The letter asked if synodality could form part of the church’s governing structures as an exercise of the church’s supreme authority, to which Pope Francis replied that synodality “as a style and energy, is an essential dimension in the life of the church.”

Besides, he told the cardinals, “with these very questions you manifest your need to participate, to freely express your opinion and to collaborate, thus calling for a form of synodality in the exercise of my ministry.”

The Vatican also released responses to 10 further questions submitted by Czech Cardinal Dominik Duka in relation to the Holy Father’s 2016 Apostolic Exhortation, Amoris Laetitia, and the question of “the administration of the Eucharist to divorced couples living in a new union.”

The Czech cardinal’s own “dubia” letter was submitted on 13 July, on behalf of the Czech Bishop’s Conference, while the response issued on 25 September was signed by both the Holy Father andCardinal Fernández.

Regarding admittance to the Eucharist for divorced and remarried Catholics, Cardinal Fernández wrote that priests should provide pastoral accompaniment but “it is each person, individually, who is called to put himself before God and expose his conscience to him, with both its possibilities and its limits.”

“This conscience, accompanied by a priest and enlightened by the guidelines of the Church, is called to be formed to evaluate and give a sufficient judgment to discern the possibility of accessing the sacraments.”

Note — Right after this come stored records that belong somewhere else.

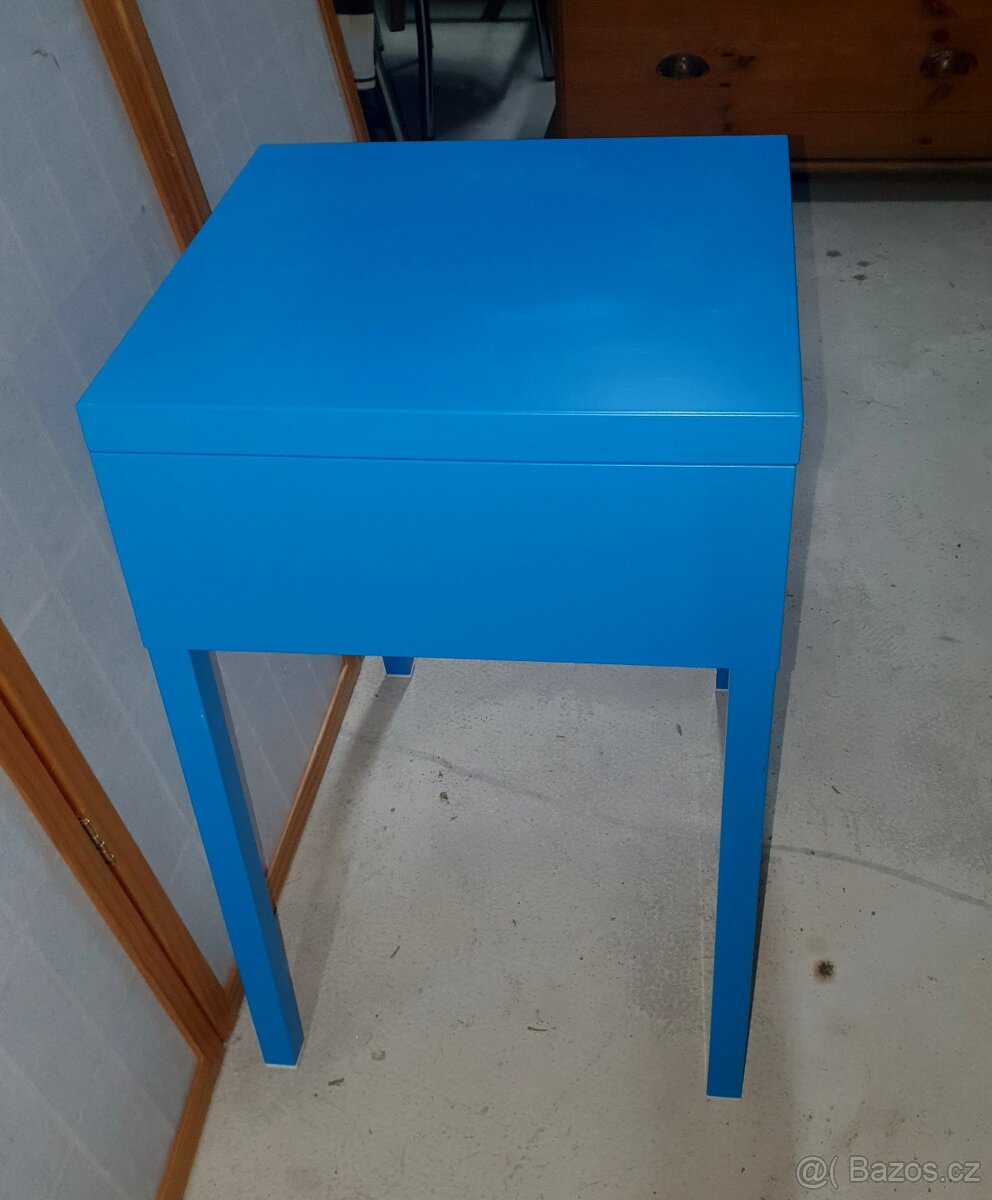 Modrý noční stolek zn.Ikea - 4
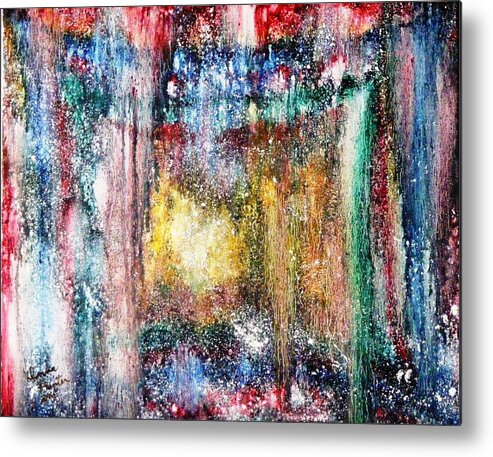 Abstract Metal Print featuring the painting Into The Light by Donna Painter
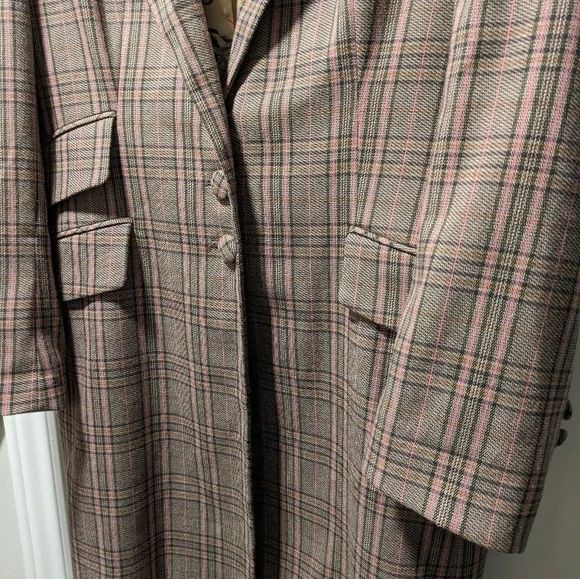 Della Spiga Weekend long blazer jacket top size 12 color checkered brown… - Picture 4 of 7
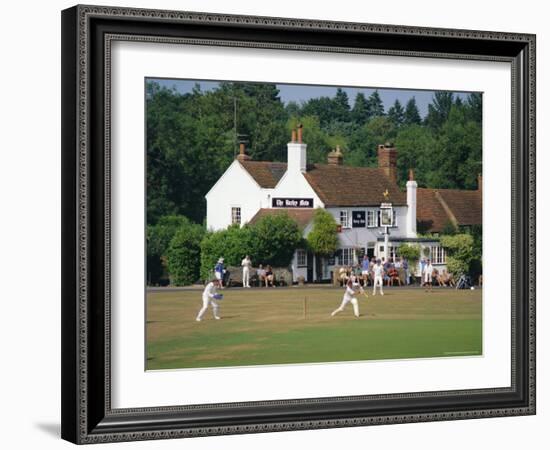 Village Green Cricket, Tilford, Surrey, England, UK-Rolf Richardson-Framed Photographic Print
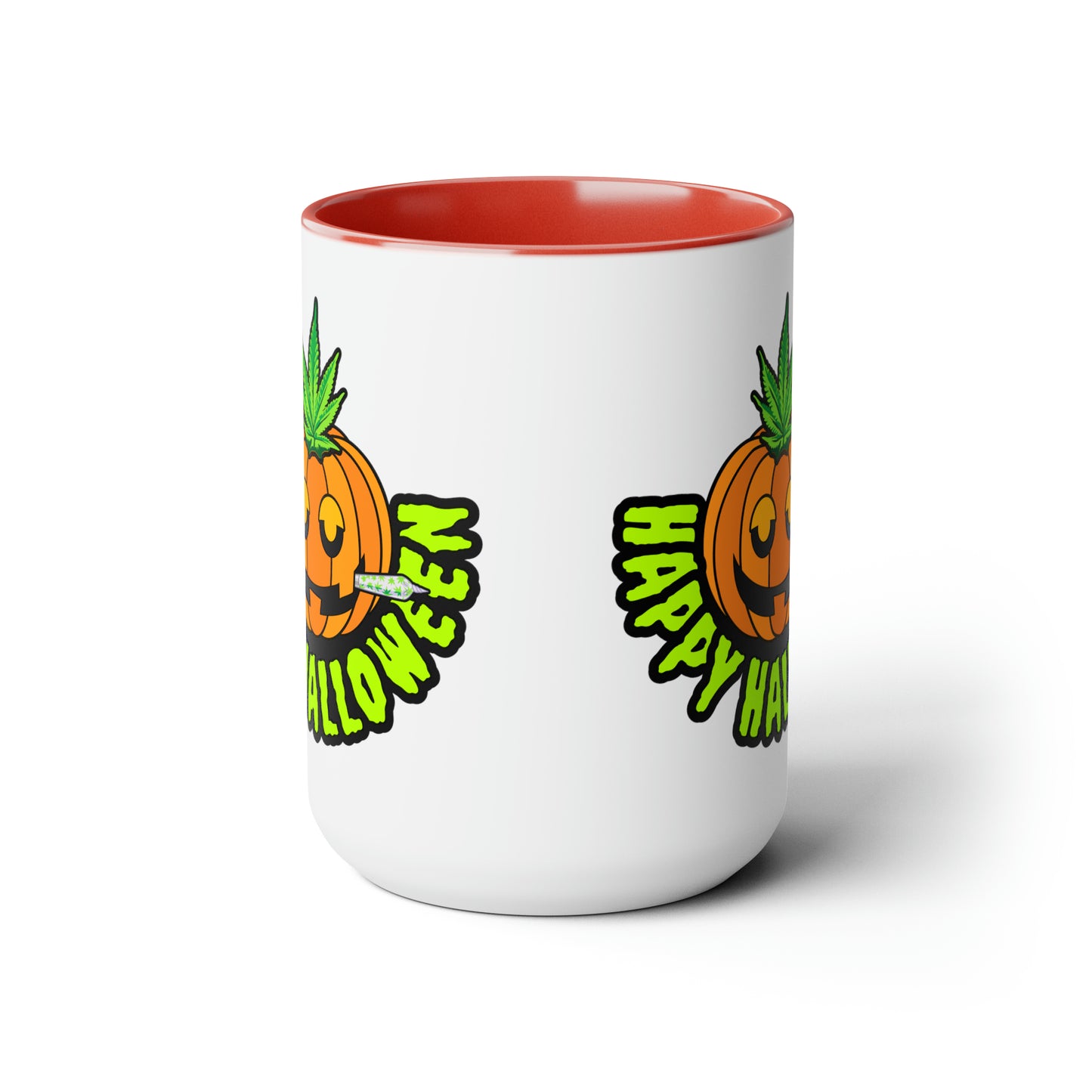 Red Happy Halloween Pumpkin Stoner 15oz Coffee Mug Side 2
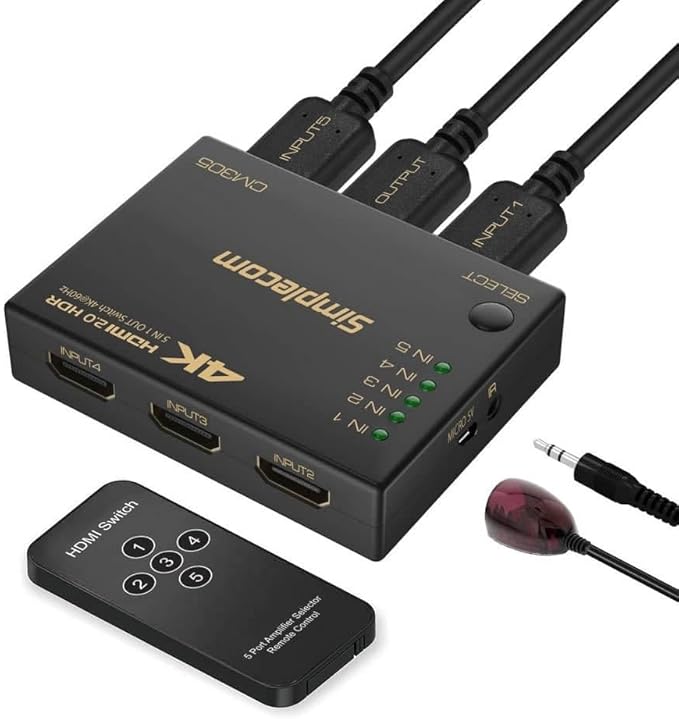 Simplecom CM305 Ultra HD 5 Way HDMI Switch 5 in 1 Out Splitter 4K@60Hz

The National Catholic Register reported that the response from the Dicastery for the Doctrine of the Faith states that, “remarried divorcees should ask themselves how they behaved towards their children when the marital union entered into crisis; whether there have been attempts at reconciliation; how the partner’s situation is abandoned; what consequences the new relationship has on the rest of the family and the community of the faithful; what example it offers to young people who must prepare for marriage.”

The response from the Vatican also said bishops should develop criteria based on Amoris Laetitia for their dioceses, asking for bishops conferences to agree on “minimum criteria.”